_WHAT YOU ARE ASKED TO DO:_
Copy the data exactly from the line that contains "well done steak meme" through the line that contains "Tasya Farasya Kupas", keeping both end lines and leaving out everything else.

_THE RECORDS:_
■ ■ ■

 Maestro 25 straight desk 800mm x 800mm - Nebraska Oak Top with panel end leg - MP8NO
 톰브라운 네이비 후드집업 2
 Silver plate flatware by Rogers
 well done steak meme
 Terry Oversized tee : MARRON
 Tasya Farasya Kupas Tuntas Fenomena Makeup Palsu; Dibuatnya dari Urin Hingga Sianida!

■ ■ ■

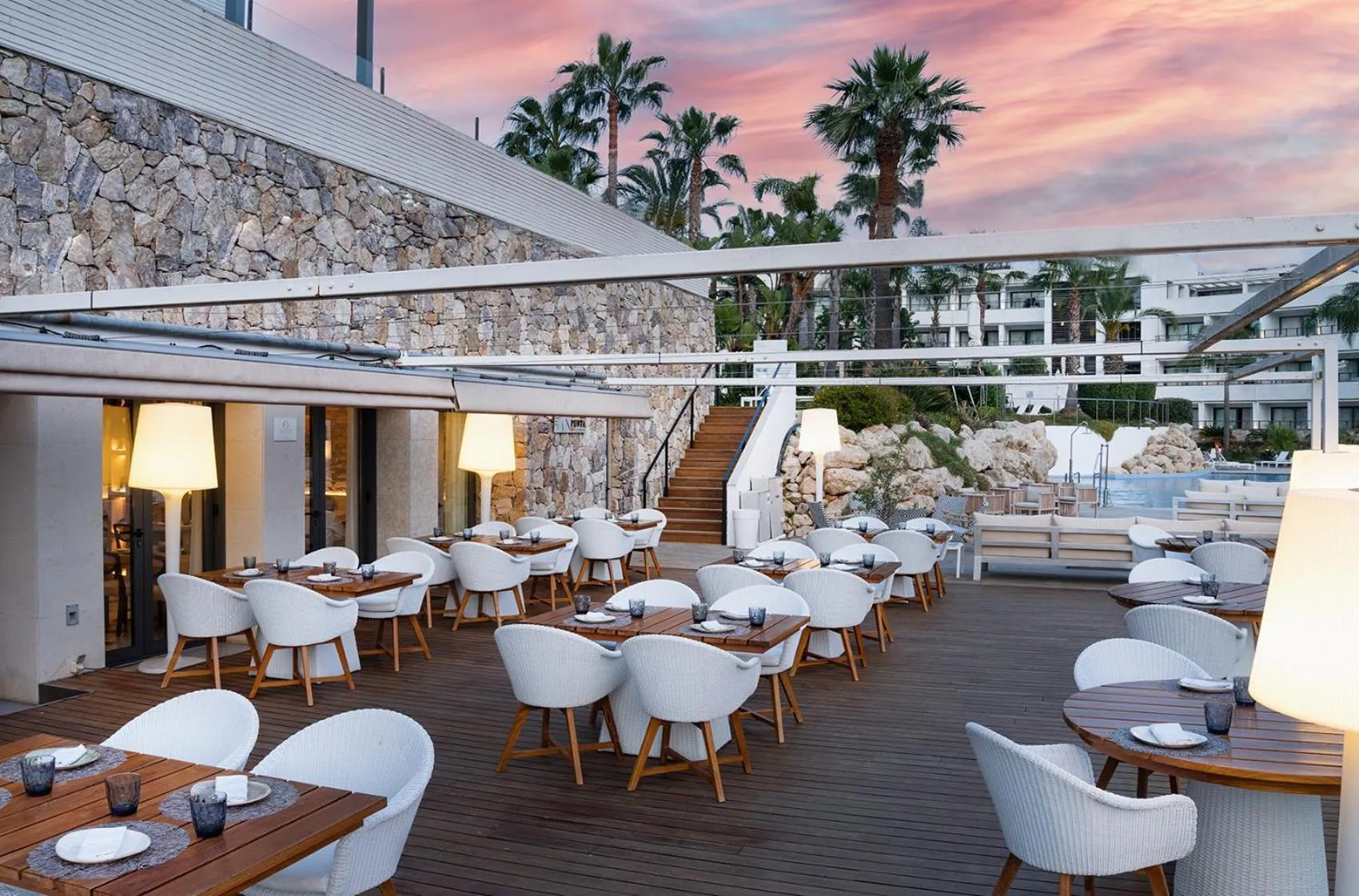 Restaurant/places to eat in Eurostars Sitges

■ ■ ■

_OUTPUT OF THE TASK:_
 well done steak meme
 Terry Oversized tee : MARRON
 Tasya Farasya Kupas Tuntas Fenomena Makeup Palsu; Dibuatnya dari Urin Hingga Sianida!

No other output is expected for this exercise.